# What Do You Do With Your Beard/Spurs Each Year?



## dkirs (Aug 14, 2013)

I'm fairly new to turkey hunting and with my first 3 birds I put them on a plaque that holds 3 beards and has the fan mount on it. I have 2 more beard & spur sets from the past 2 years that I haven't done anything with yet and am looking for ideas.


----------



## itchn2fish (Dec 15, 2005)

Everything is saved & goes to friends. Some feathers are used for fly-tying. Some is transformed to beautiful jewelry (feathers, spurs & toenails) & some of it is used for Pow Wow regalia. Some are used for wall-mounts or otherwise displayed.


----------



## Firefighter (Feb 14, 2007)

Beards end up getting thrown away. 

Tails go to anyone that wants one for a decoy, fly tying, decor, etc.

Spurs either become necklace or onto the spur chain, which is about 30 gobblers long right now.

Reckon I'll figure out an effective display one day.


----------



## Firefighter (Feb 14, 2007)

Necklace


----------



## multibeard (Mar 3, 2002)

I used to dry pick my turkeys and give the feathers to a native American friend. He has passed t so, I now scald my turkeys and ruin the feathers. The beards and spurs are saved in a box.
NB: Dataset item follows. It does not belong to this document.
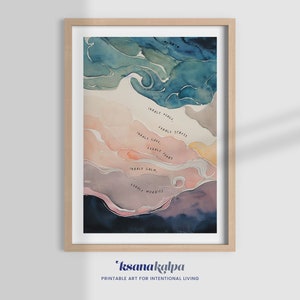 INHALE EXHALE SEQUENCE, therapy office, therapist decor, school counsellor, mental health art, counselling, office decor, watercolor prints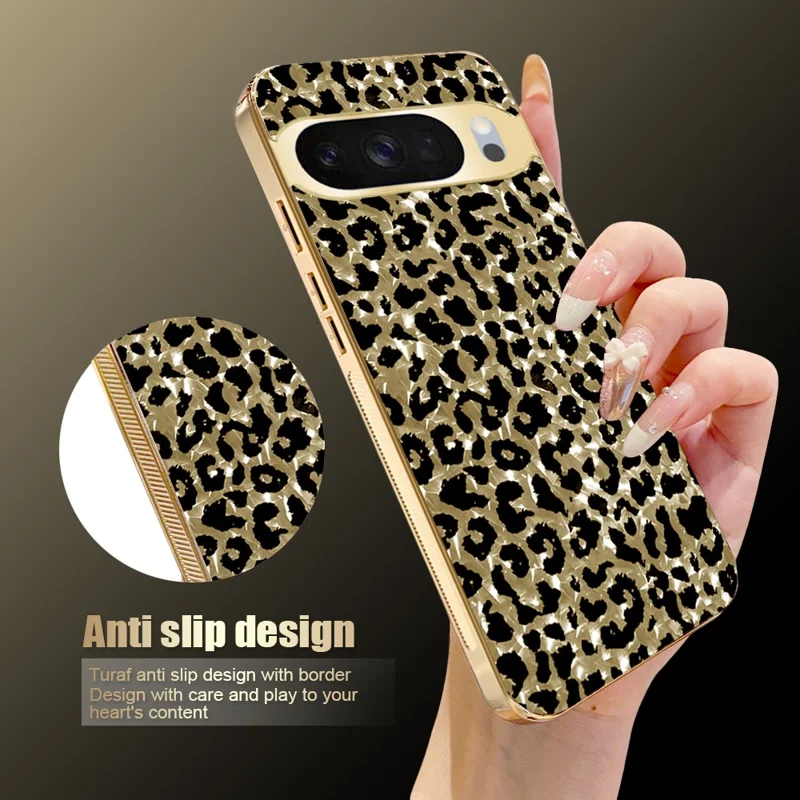 Case For Google Pixel 10  /  10 Pro Electroplating Frame Leopard Pattern PC + TPU Hybrid Phone Cover - Gold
I used to make beard boards that I donated to the MWTHA at Baldwin. I never made one for my self. There are a some pictures of them in my pictures but I can not seem to get them to post.


----------



## Gobblerman (Dec 19, 2004)

Beard board from Multibeard


----------



## multibeard (Mar 3, 2002)

Thanks

We need to make an extension for that board before the pegs pull out. BTW No need for muck boots now.


----------



## Gobblerman (Dec 19, 2004)

I have 45 beards attached now. 

Muck Boots - Yea the restaurant is going to open 5/22. It's coming along very well and looks great.


----------



## TheLionsFan (Dec 20, 2011)

That's awesome looking Gobblerman!

I mount the tail fan and beard from every bird I shoot. My wife hates it. They're my trophies.


----------



## Thirty pointer (Jan 1, 2015)

The tail is from my first turkey .No bird last year they have been on a downward spiral the last 5 years or so .Went from flocks of 50 to zip .No gobbling this year either but I just seen a couple hens .I took the late season hoping to bag a lonely tom after the hens start sitting


----------



## Gobblerman (Dec 19, 2004)

Here's some other ways I display the some beards and fans. I have one for every state I've taken a gobbler. So far 6 states.


----------



## bigrackmack (Aug 10, 2004)

Had my sisters kid whip this together for me..


----------



## Gobblerman (Dec 19, 2004)

That's nice.


----------



## QDMAMAN (Dec 8, 2004)

Ya can't eatum, just throw um away.


----------



## DEDGOOSE (Jan 19, 2007)

Spurs over 1.5 I keep. Beards I have good intentions but usually mites in the garage eat well. Lol 

Handful years back, sal was saving our beards from out west. Both doors in back seat are full. I see it in may while hunting back home, prolly 18 or so. And I'm like how in the hell we gonna explain this if we get stopped. Dumpster they went


----------



## dkirs (Aug 14, 2013)

Thanks for the replies guys now I have some good ideas! I have a few years before my collection will look like your guy's though!


----------



## Bullet6911 (Jul 1, 2012)

this is part of my collection of beards and fans, I have 2 turkeys at taxidermist yet but I'm finally getting around to set up my fans in my trophy room. Still up In air a little on what I'm gonna do.


----------



## john decker (Jan 21, 2010)

I put the beards in the lucky shell like multibeard. I cut the hulls down like he has done also and glu them into the shell with 5min epoxy.then I clean the skin and sinew and marrow from the spurs.drill a 1/8" hole through the brass of the shell and pass through 7in of leather shoe lace put one spur on each side like the necklass pics here.hang on a nail or peg for display.


----------



## Horseshoe (Oct 15, 2003)

Combined a few other ideas into this.


----------



## cedarlkDJ (Sep 2, 2002)

You can play around with the little one's feet too.
Hat hangers....










One finger salute.....










Back scratcher.....


----------